(How to complete this task):
Given the material below, output exactly the lines from the line with "セレナ2.0 ハイウェイスター Vセレクション+Safety S-HYBRID" to the line with "Bordowe zaproszenia na 18 urodziny ze złotem", both ends included, and no other lines.

(Input):
----------------
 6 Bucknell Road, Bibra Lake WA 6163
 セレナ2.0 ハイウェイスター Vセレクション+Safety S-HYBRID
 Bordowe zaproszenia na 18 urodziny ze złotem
----------------
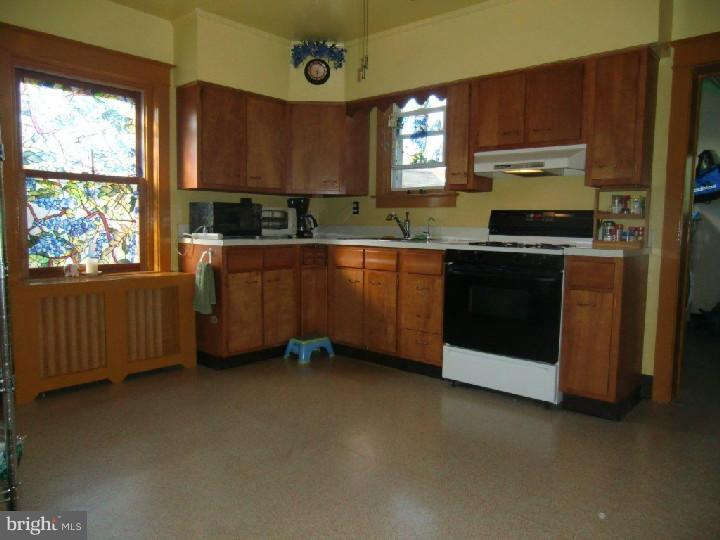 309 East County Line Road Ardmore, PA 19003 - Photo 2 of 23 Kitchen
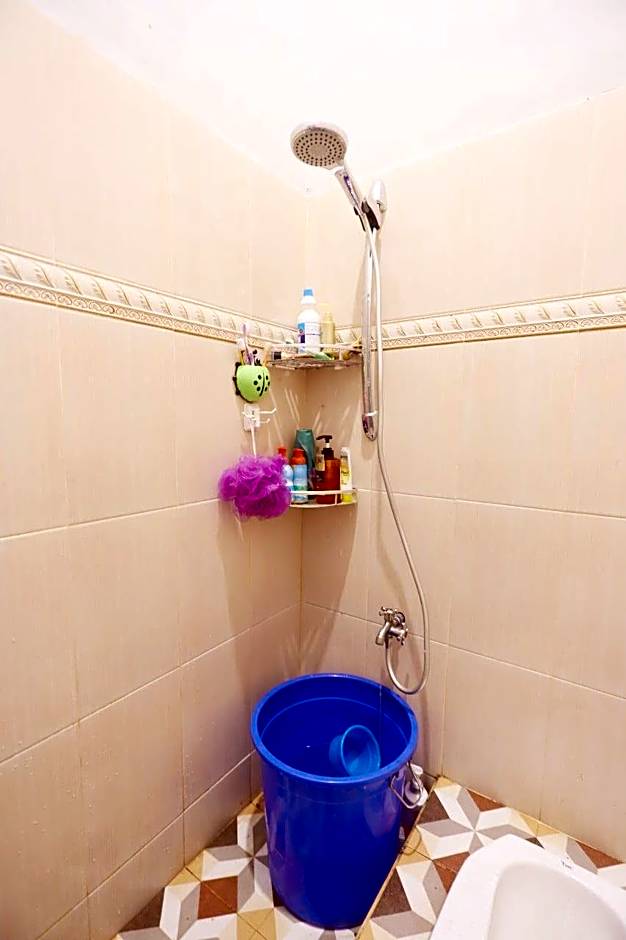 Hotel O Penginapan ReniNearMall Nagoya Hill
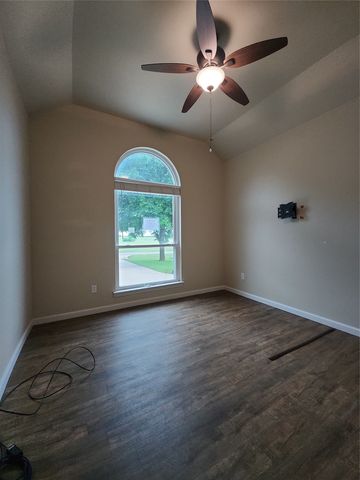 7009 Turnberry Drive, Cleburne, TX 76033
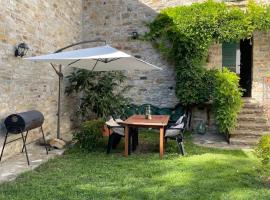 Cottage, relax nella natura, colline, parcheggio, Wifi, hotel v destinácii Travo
----------------
(Output for this task):
 セレナ2.0 ハイウェイスター Vセレクション+Safety S-HYBRID
 Bordowe zaproszenia na 18 urodziny ze złotem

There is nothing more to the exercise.